Ich vergesse nie, was mein bei uns in den Ferien weilender Cousin zu meiner Mutter sagte, als diese uns einen Linseneintopf kredenzte. Er sah sich das braune Gericht an, probierte und meinte: «Gotti, warum sieht bei dir alles so hässlich aus, was du kochst, und dann schmeckt es doch?» Seine Aussage ist logisch, denn Kinder essen nun mal viel stärker mit den Augen als Erwachsene. Und wirklich appetit- lich sieht ein braunes Linsengericht wirklich nicht aus. Man muss es erst kennengelernt haben, um es schätzen zu können. Doch Linsen, Kichererbsen und Bohnen sind noch aus einem anderen Grund nicht jedermanns Sache: sie können Blähungen verursachen. Nicht umsonst gibt es im Volksmund den Ausspruch: «Jedes Böhnli ein Tönli.» Diese lassen sich zum Glück mit geeigneten Massnahmen wirksam reduzieren. Hülsenfrüchte sollten vor dem Verzehr gewaschen werden, da sie unbekömmliche Inhaltsstoffe enthalten. Sie müssen immer durchgegart werden. Püriert, etwa als Hummus, sind sie ebenfalls besser verdaulich. Manche Menschen vertragen selber gekochte Hülsenfrüchte besser als solche aus Konserven. Zudem lohnt es sich, ein Rezept mit verdauungsfördernden Gewürzen und Kräutern wie Anis, Fenchel, Kümmel, Ingwer, Kreuzkümmel, Bohnenkraut, Dill, Salbei, Thymian, Oregano oder Rosmarin auszuprobieren. Und sowieso passt sich die Darmflora der jeweiligen Ernährung an. Wer regelmässig Hülsenfrüchte isst, wird zunehmend weniger Blähungen haben. Deshalb mit kleinen Mengen beginnen und diese langsam steigern.
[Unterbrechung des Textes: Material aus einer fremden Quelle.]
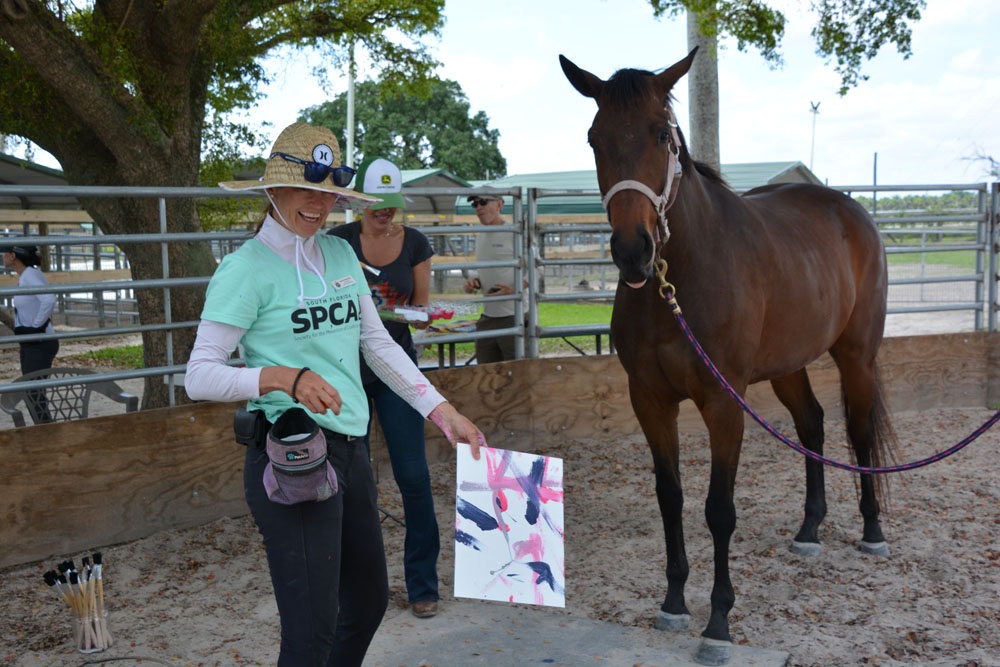 A horse that paints!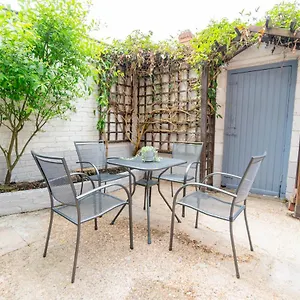 Holiday home Stylish 3 Bedroom House - Location United Kingdom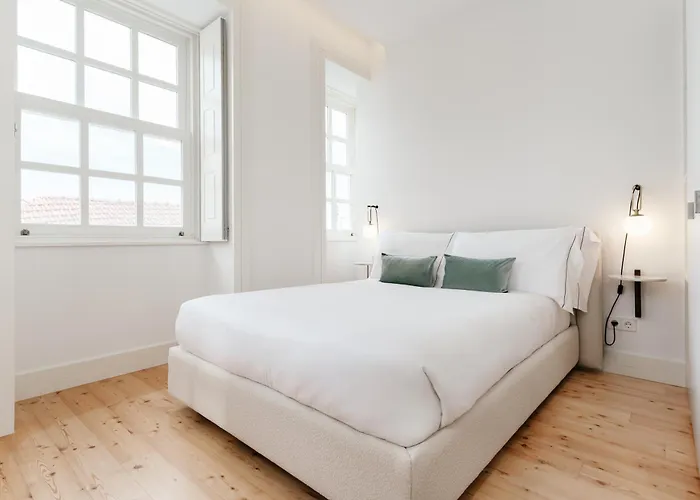 Feel Clerigos Charm Flats *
Heute sind die Hülsenfrüchte, nach Jahrzehnten im Schattendasein, wieder voll im Trend. Die einstige Arme- Leute-Nahrung ist, vor allem für Vegetarier und Veganer, eine der wichtigsten Proteinquellen. Neben Proteinen liefern Hülsenfrüchte viele Mineralstoffe und Nahrungsfasern. Werden sie mit Getreide-, Milchprodukten oder Eiern kombiniert, lässt sich damit der Proteinbedarf optimal decken.
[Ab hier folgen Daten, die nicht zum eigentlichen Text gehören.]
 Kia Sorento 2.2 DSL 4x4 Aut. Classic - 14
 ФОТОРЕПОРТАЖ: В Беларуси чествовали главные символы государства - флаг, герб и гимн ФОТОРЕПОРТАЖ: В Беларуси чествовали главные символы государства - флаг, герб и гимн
Und dies billig und nachhaltig. Diese Erkenntnis wiederum ist nicht neu. So war eine aus Hülsenfrüchten hergestellte Suppe das erste industriell gefertigte Convenience-Produkt überhaupt. Ein Blick zurück in die Mitte des 19. Jahrhunderts: Die in den Fabriken arbeitenden Männer und Frauen schufteten sechs Tage pro Woche in dunklen Hallen, und es fehlte ihnen sowohl an Zeit als auch an Geld, um sich ausgewogen zu ernähren. Anstatt währschaft zu essen, versorgten sie sich in den kurzen Essenspausen mit kalten Mahlzeiten oder mit Schnaps. Gleichzeitig setzte sich bei Ärzten die Überzeugung durch, dass diese mangelhafte Ernährung die Arbeitenden anfällig für Krankheiten machte und zur überdurchschnittlich hohen Kindersterblichkeit beitrug. Als Antwort auf die Frage «Wie beschafft man das fehlende Eiweiss für die Masse des Volkes?» entwickelte der Glarner Arzt und Fabrikinspektor Fridolin Schuler zusammen mit dem jungen Unternehmer Julius Maggi aus billigen Hülsenfürchten ein industriell hergestelltes Suppenmehl, Erbswurst genannt, das erste Convenience-Gericht überhaupt. Kein kulinarisches Highlight, aber doch eine sättigende, proteinreiche Mahlzeit.
Heute würde ein Gericht aus Hülsenfrüchten bei meinem Cousin von Anfang an auf mehr Begeisterung stossen. Aus Kichererbsen hergestelltes Hummus mit frischem Fladenbrot oder ein feuchter Schokoladenkuchen auf der Basis von pürierten Kidneybohnen schmecken nicht nur, sondern sehen ganz schön appetitlich aus.